The evolution of manufacturing towards intelligence and flexibility has exposed the inherent limitations of traditional teach-and-playback robot programming. Struggling to adapt to the demands of “high-mix, low-volume” production scenarios, this method hinders rapid task redeployment. In this context, human-robot interaction paradigms are shifting towards more efficient and intuitive paradigms. Learning from Demonstration (LfD) emerges as a pivotal technological framework, enabling robots to acquire executable policies by observing and interpreting human demonstrations. This significantly lowers the programming barrier and enhances the environmental adaptability of robotic systems. By abstracting strategies from human actions, LfD effectively constructs a skill library for robotic agents.
The integration of Internet of Things (IoT) technology presents transformative opportunities for LfD systems. By connecting vision sensors, Augmented Reality (AR) devices, and industrial robots to an IoT platform, we enable real-time acquisition, efficient transmission, and synergistic processing of multi-source data. This convergence facilitates the construction of an embodied intelligent system endowed with perception, decision-making, and execution capabilities.
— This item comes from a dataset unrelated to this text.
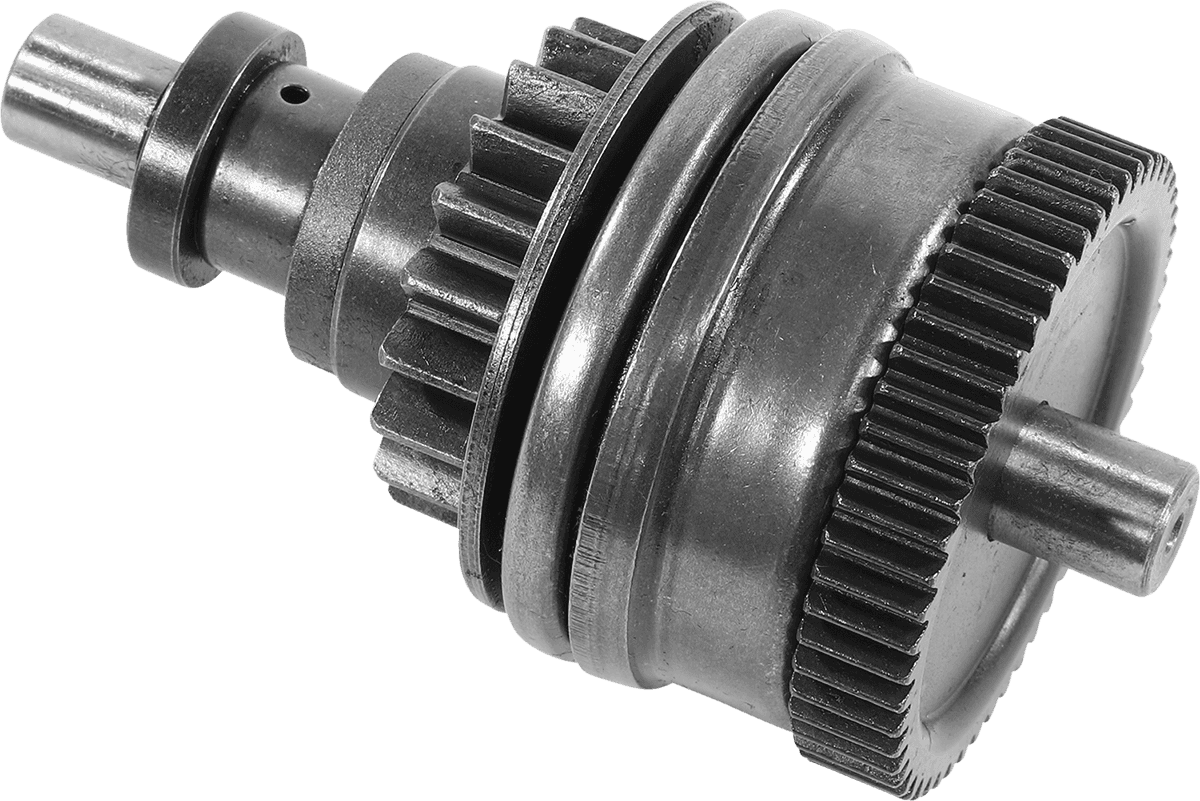 PARTS UNLIMITED 2110-1129 Starter Drive - Polaris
Such a system not only achieves precise imitation of human operations but also possesses a degree of generalization and self-adaptation to cope with dynamically changing industrial environments.
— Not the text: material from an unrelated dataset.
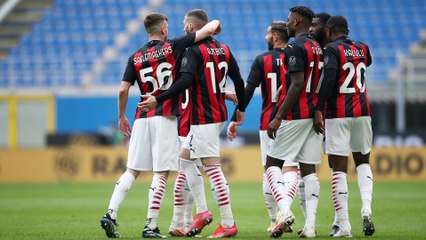 La Season Review 2020/21 dei rossoneri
An Industrial Embodied Agent (IEA) represents an intelligent production system that fuses industrial robotics with artificial intelligence. Conceptually, an IEA is a “thinking production line” built upon clusters of robots (e.g., for welding, grinding) overlaid with edge devices and cloud-based AI large models. Within this architecture, the embodied AI robot is responsible for precise execution, edge devices aggregate multi-source data from robots, PLCs, and sensors, and cloud AI models leverage this data for adaptive process optimization, predictive maintenance, quality traceability, and real-time defect alarming.
Building upon traditional teaching methods, this research integrates AR interaction, visual teaching, and IoT technologies to construct a multi-modal input LfD system. The system leverages IoT for device interconnection and data fusion, employing a combined cloud-training and edge-inference approach to enhance skill learning efficiency, thereby offering a novel technical pathway for intelligent human-robot collaboration in industrial settings.

System Architecture for IoT-Enabled Embodied AI Learning
The proposed IoT-based LfD system for Industrial Embodied Agents analyzes operational demonstration data to construct generalizable policy models. This empowers the embodied AI robot to adapt its actions based on environmental perception to complete specified tasks. Effectively overcoming the constraints of manual programming, this system holds significant importance for advancing the intelligent development and scalable application of robotics. The architecture is fundamentally structured into three layers: the Industrial Field Layer, the Network Layer, and the Platform Service Layer.
System Composition and Deployment
The Industrial Field Layer integrates perception devices such as cameras, AR glasses, and Inertial Measurement Units (IMUs) for data collection. It also deploys edge computing nodes responsible for real-time data preprocessing and model inference, ensuring system responsiveness and reliability. The Network Layer utilizes industrial-standard communication protocols like OPC UA and MQTT to guarantee efficient and reliable data transmission between the field devices and the platform. The Platform Service Layer hosts the AI computing engine, performing in-depth analysis of demonstration data and model training to support intelligent decision-making and optimization functions.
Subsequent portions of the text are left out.